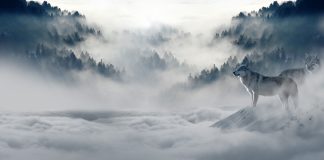 Algorand Signs Up Considerable Gains In The Middle Of Crypto Winter Season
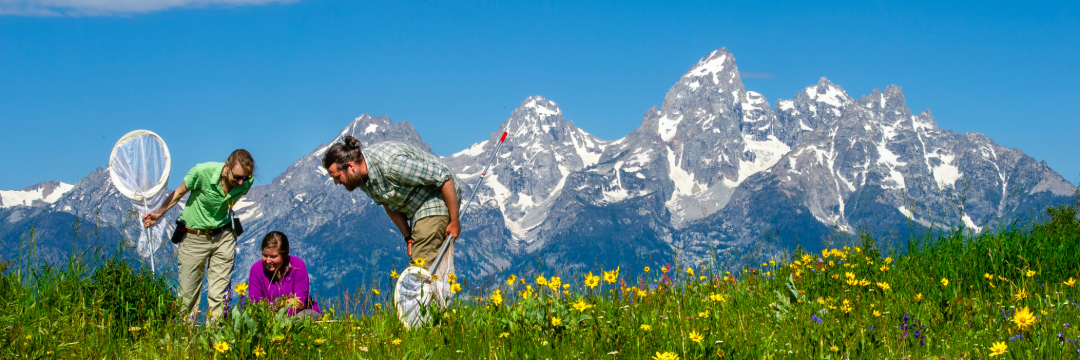 students working on field research near grand teton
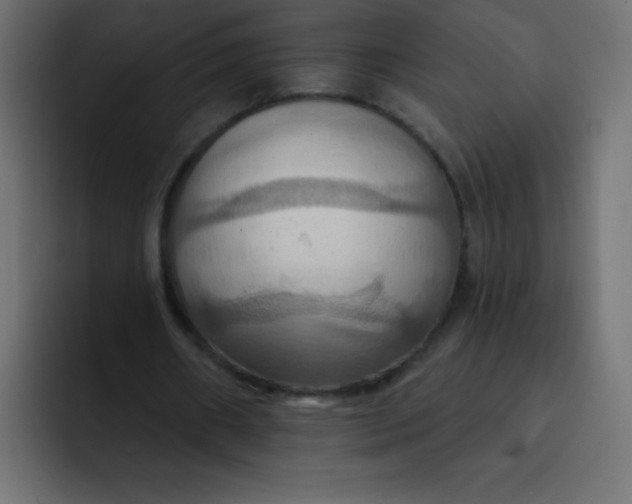 X0000092110482200710031233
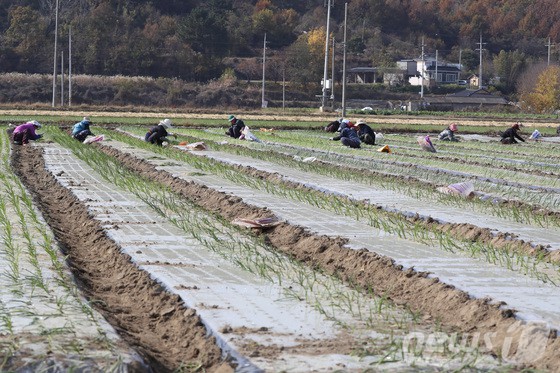 ▲ 자료사진 뉴스원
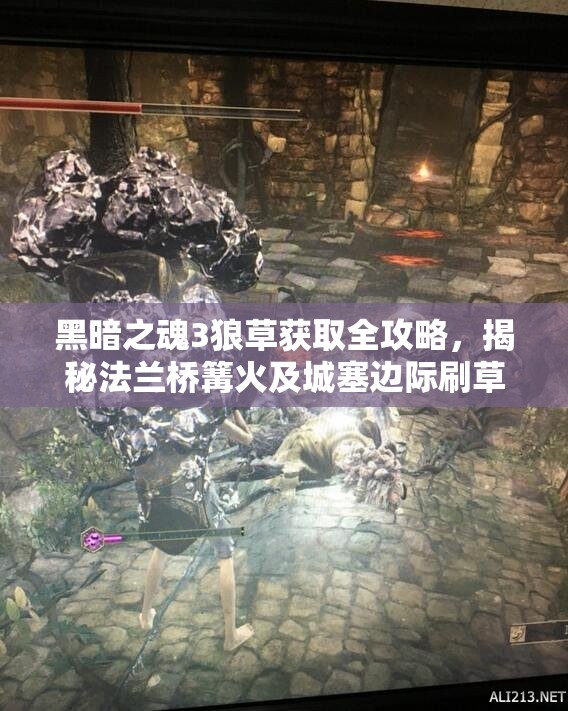 黑暗之魂3狼草獲取全攻略，揭秘法蘭橋篝火及城塞邊際刷草圣地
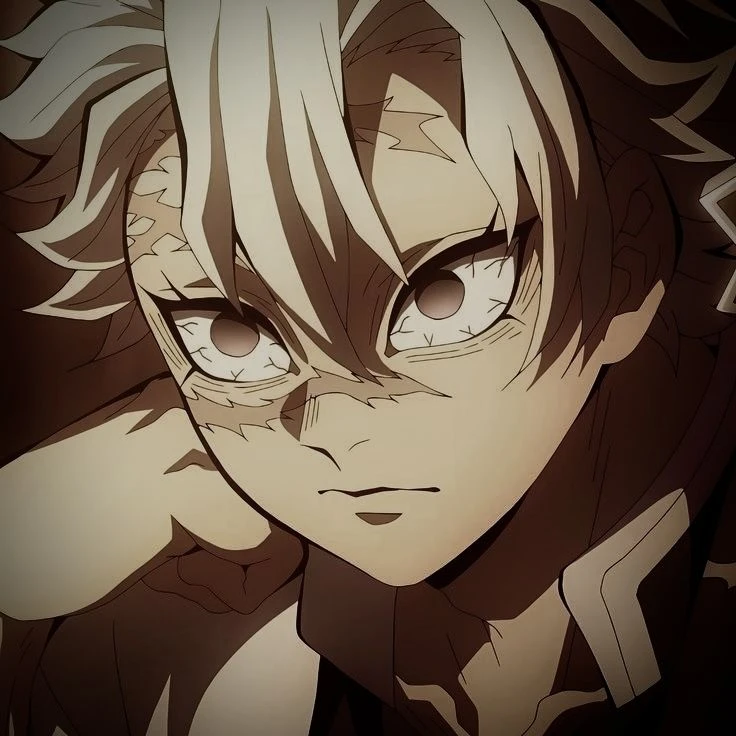 시나즈가와 사네미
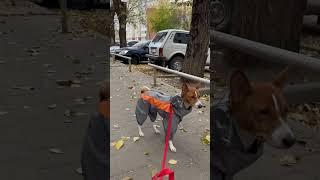 #basenji #собака #басенджи #суперсобака #корги #собаки #собачки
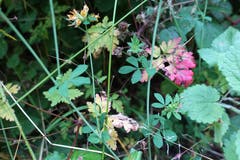 Waldflora im Bogetenwald. (Bild: Josef Habermacher (Rickenbach, 19. Juli 2018))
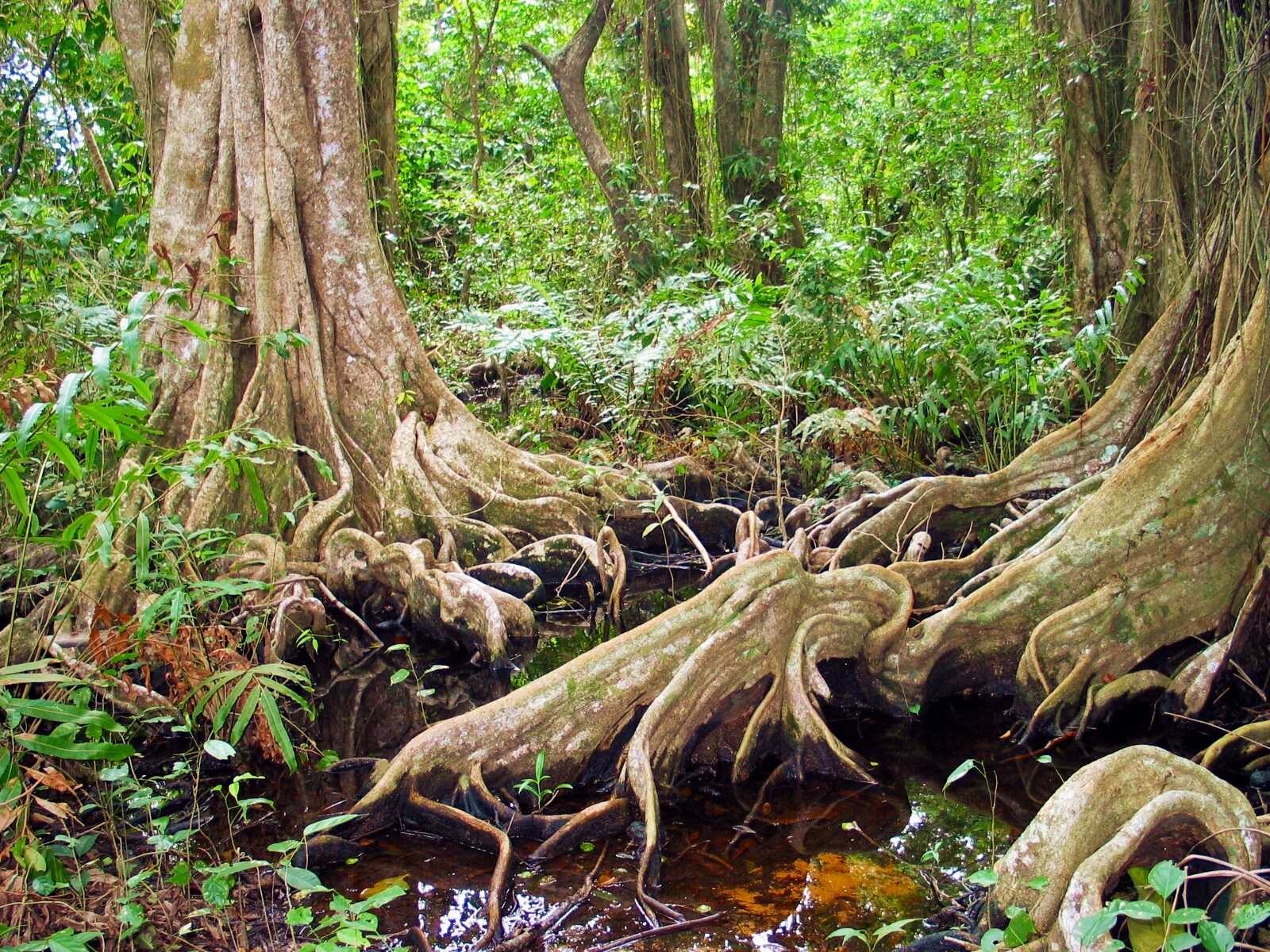 corcovado_01_Low.jpg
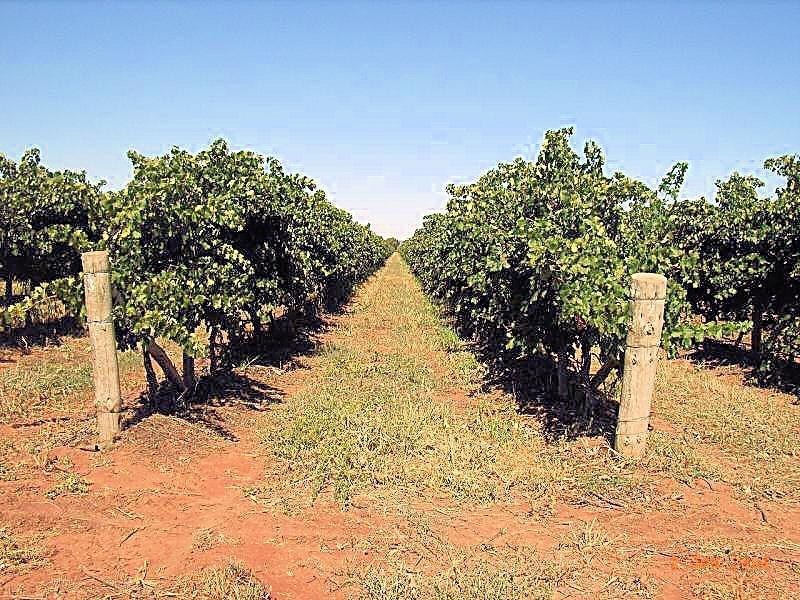 36 Boonoonar Road, Colignan VIC 3494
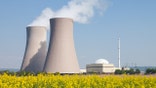 Nuclear power station with steaming cooling towers and blooming canola field.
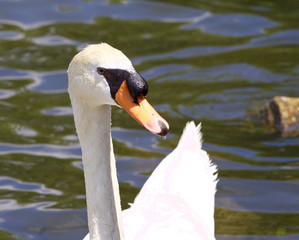 Obraz premium The close-up of the male mute swan in the lake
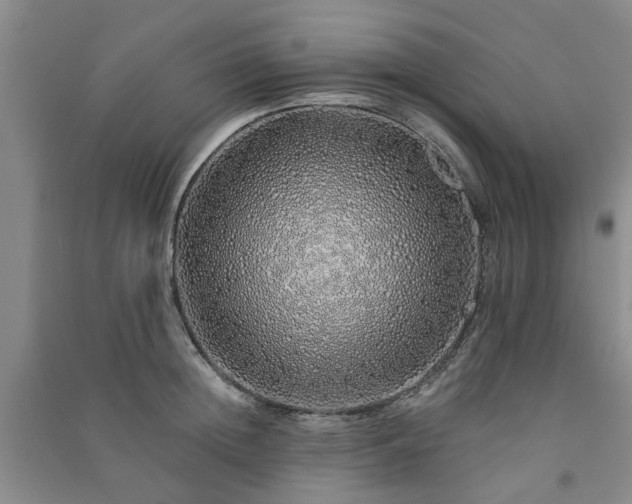 X0000091370852200708171543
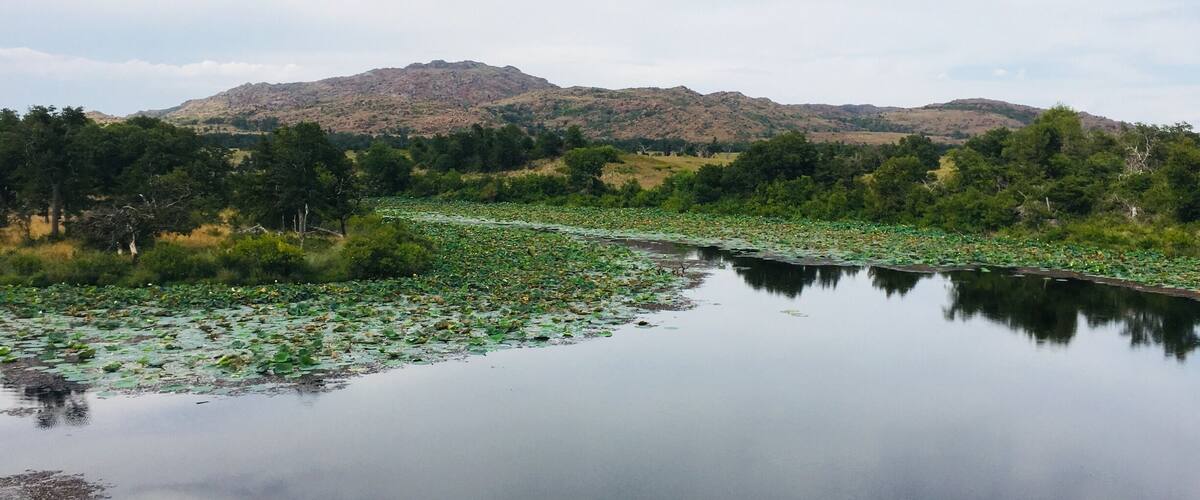 A calm lake surrounded by lush greenery and distant hills.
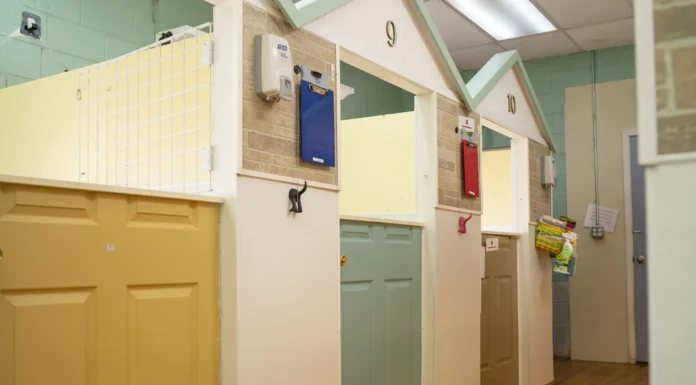 Dogville Daycare & Boarding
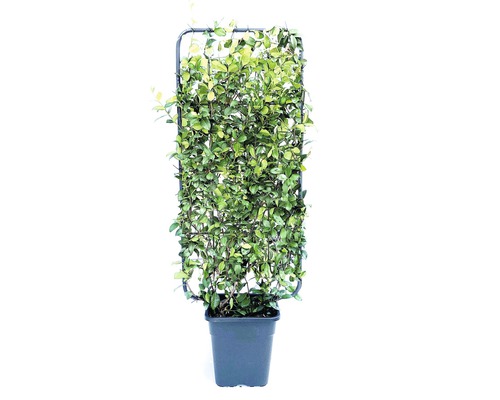 Sternjasmin Spalier FloraSelf Trachelospermum jasminoides H 100-110 cm B 50 cm Co 18 L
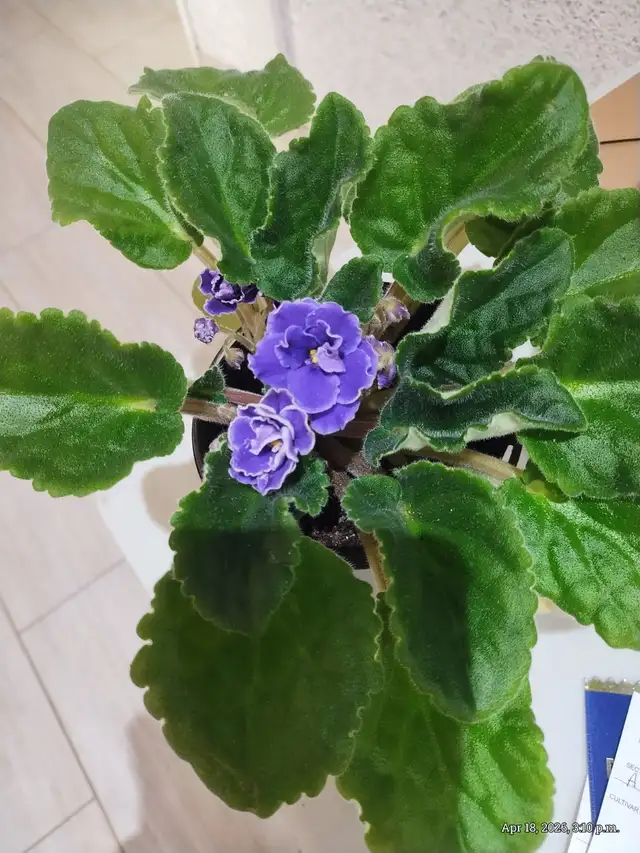 Agincourt Garden Club Plants, Veggies and Used Treasure Sale - Photo 2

Instructions for the task:
Restate the data word for word while omitting each picture.

Solution for this exercise:
 Algorand Signs Up Considerable Gains In The Middle Of Crypto Winter Season
 students working on field research near grand teton
 X0000092110482200710031233
 ▲ 자료사진 뉴스원
 黑暗之魂3狼草獲取全攻略，揭秘法蘭橋篝火及城塞邊際刷草圣地
 시나즈가와 사네미
 #basenji #собака #басенджи #суперсобака #корги #собаки #собачки
 Waldflora im Bogetenwald. (Bild: Josef Habermacher (Rickenbach, 19. Juli 2018))
 corcovado_01_Low.jpg
 36 Boonoonar Road, Colignan VIC 3494
 Nuclear power station with steaming cooling towers and blooming canola field.
 Obraz premium The close-up of the male mute swan in the lake
 X0000091370852200708171543
 A calm lake surrounded by lush greenery and distant hills.
 Dogville Daycare & Boarding
 Sternjasmin Spalier FloraSelf Trachelospermum jasminoides H 100-110 cm B 50 cm Co 18 L
 Agincourt Garden Club Plants, Veggies and Used Treasure Sale - Photo 2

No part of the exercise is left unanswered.